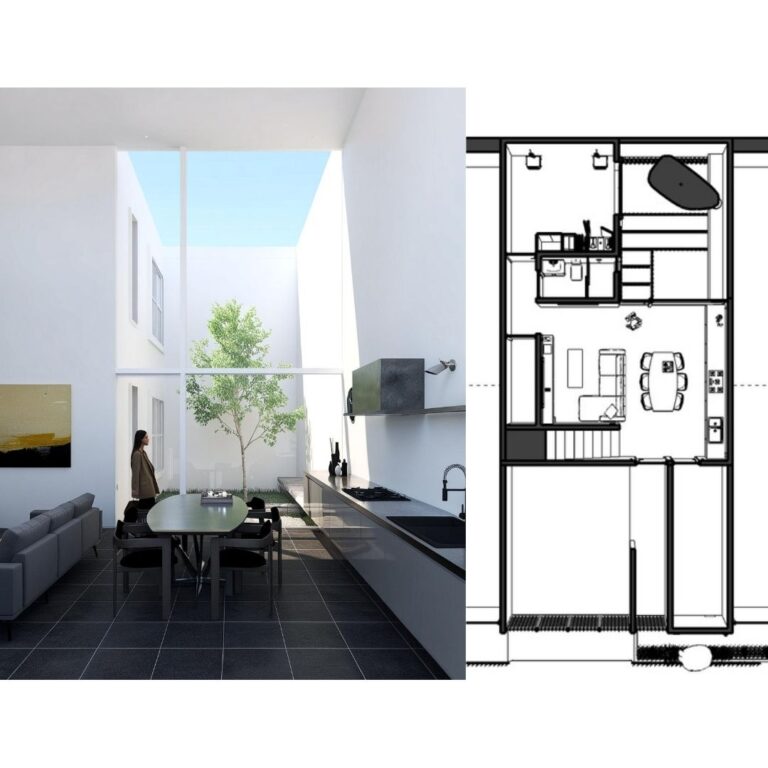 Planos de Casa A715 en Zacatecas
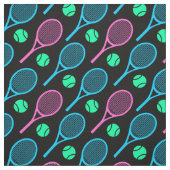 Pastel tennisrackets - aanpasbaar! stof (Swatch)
---
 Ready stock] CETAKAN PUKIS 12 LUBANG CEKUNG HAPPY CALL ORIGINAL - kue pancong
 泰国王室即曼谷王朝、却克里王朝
---
| PROMPT |
Please output the lines of the listing above that fall in the stretch from the one with "Ready stock] CETAKAN" through the one with "泰国王室即曼谷王朝、却克里王朝", exactly and only those.

| ANSWER TO THE EXERCISE |
 Ready stock] CETAKAN PUKIS 12 LUBANG CEKUNG HAPPY CALL ORIGINAL - kue pancong
 泰国王室即曼谷王朝、却克里王朝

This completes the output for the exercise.